A couple of months later I had enough of an amateurish understanding to write a final paper on Marxism and folklore for Stephen’s class, based on Raymond Williams’ book “Marxism and Literature.” I enjoyed writing that paper so much that I applied to the M.A. program here at UMass as well as the Folklore Institute at Indiana University. [My shameless insecurity compels me to add that I got accepted into both places...] Alexis and I agonized over the decision, and I decided to come here mainly because I want to work with Stephen and Leda and Claudio during the first few years of learning my “new” career. At least, that is what I tell them -- UMass also let me teach (yay!) but if you really press me on it I’d have to say the economics worked out pretty well too, because IU gave me no funding. Sure, at UMass I make only 10% of what I used to make as an engineer, but it’s more than the absolute zero that IU offered...

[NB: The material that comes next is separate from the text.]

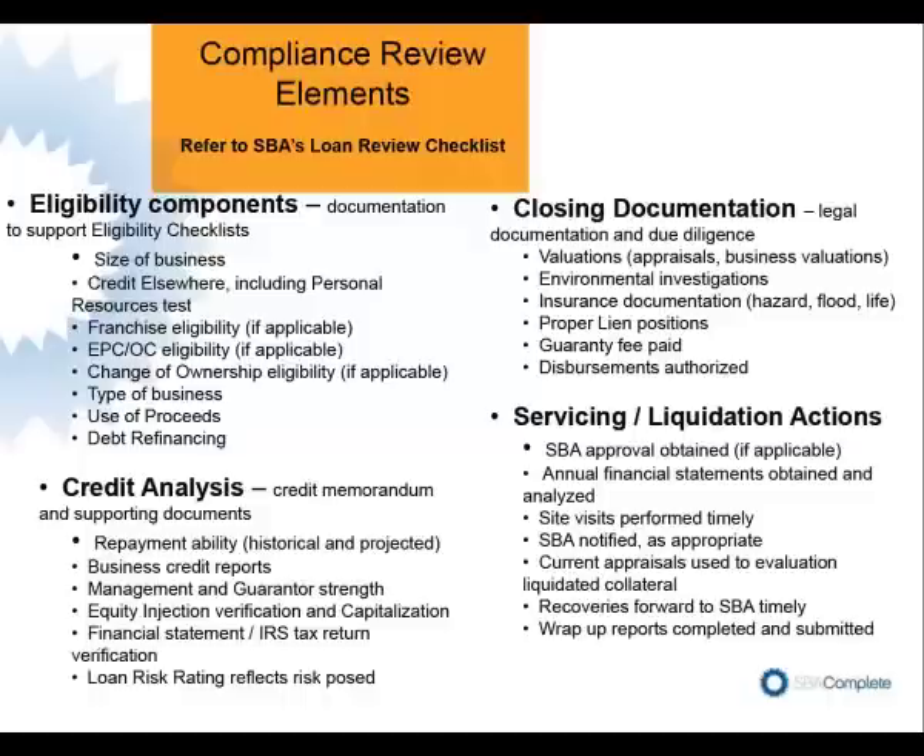The other three categories — credit analysis, closing documentation, and servicing liquidation actions — have somewhat of some give and take with SBA. Obviously, credit analysis is underwriting done by the lender. It can be somewhat second-guessed by SBA if the loan defaults early. Just be aware that there are some — what I call the SBA way — required on some parts of the credit analysis, like the collateral analysis, how much equity injection verification is required, and the verification of IRS tax information.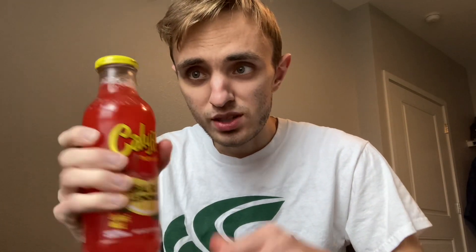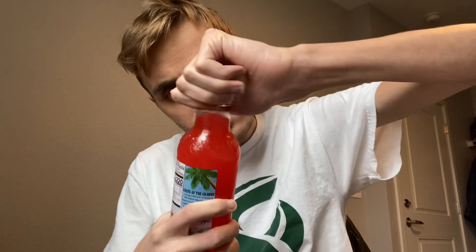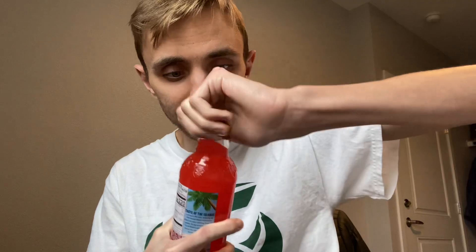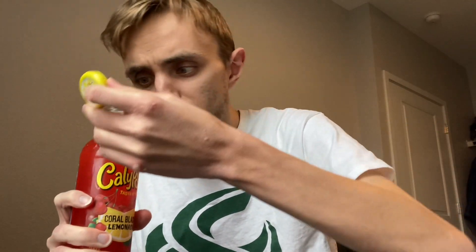Button pops up when seal is broken. Let's try this out — cherry lemonade, Calypso. I'm struggling to open this right now. There it goes — it popped up. Whoa, you can really smell the cherry. That's cherry. Let's give it a try.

So that’s my “story”... I am here as a brazen interloper and shameless traitor, with no “business” being here and with a long history of ungrateful betrayal. I don’t buy any talk of Founding Fathers -- I am a subversive subaltern with a non-academic chip on my shoulder. And I like my chip, I call it George :-) I am here to explore and to question -- this field is so broad that it encourages me to not feel insecure about being puzzled. And I am here to figure out where to go next!